A unifying view for performance measures in multi-class prediction
Giuseppe Jurman, Cesare Furlanello

TL;DR
This paper explores the relationships among various multi-class performance measures, especially linking Confusion Entropy with Matthews Correlation Coefficient, supported by computational and theoretical analysis.
Contribution
It establishes a strong monotone relation between Confusion Entropy and Matthews Correlation Coefficient, unifying different performance metrics in multi-class classification.
Findings
Confusion Entropy is strongly related to Matthews Correlation Coefficient.
The relation between these measures is monotone and supported by computational evidence.

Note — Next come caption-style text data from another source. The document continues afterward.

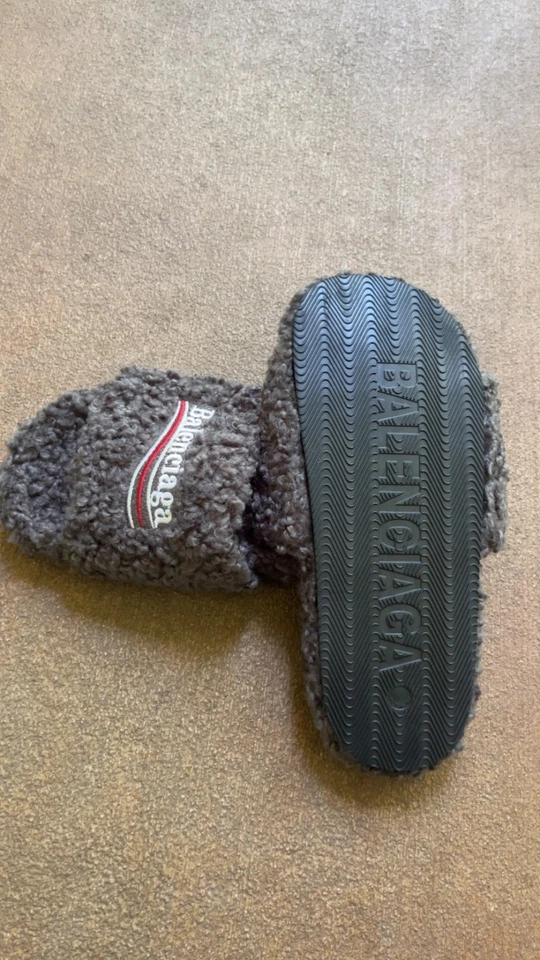 toboganes balenciaga Foto 3 de 3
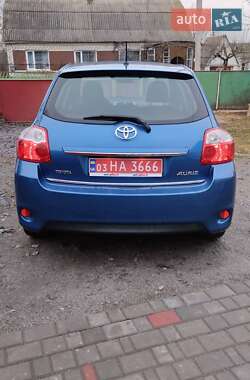 Хетчбек Toyota Auris 2010 в Літині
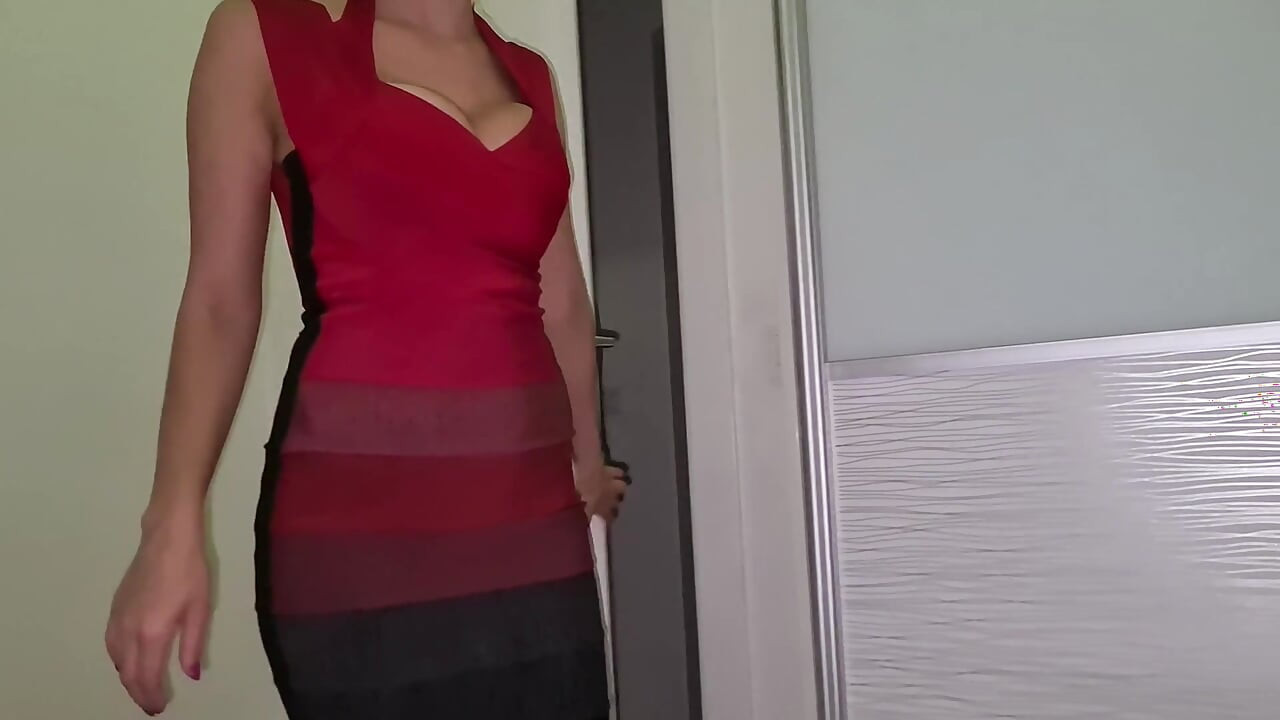 Došla mi je poželjeti laku noć, ogromno svršavanje po haljini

A theoretical explanation for this relation is provided.
Abstract
In the last few years, many different performance measures have been introduced to overcome the weakness of the most natural metric, the Accuracy. Among them, Matthews Correlation Coefficient has recently gained popularity among researchers not only in machine learning but also in several application fields such as bioinformatics. Nonetheless, further novel functions are being proposed in literature. We show that Confusion Entropy, a recently introduced classifier performance measure for multi-class problems, has a strong (monotone) relation with the multi-class generalization of a classical metric, the Matthews Correlation Coefficient. Computational evidence in support of the claim is provided, together with an outline of the theoretical explanation.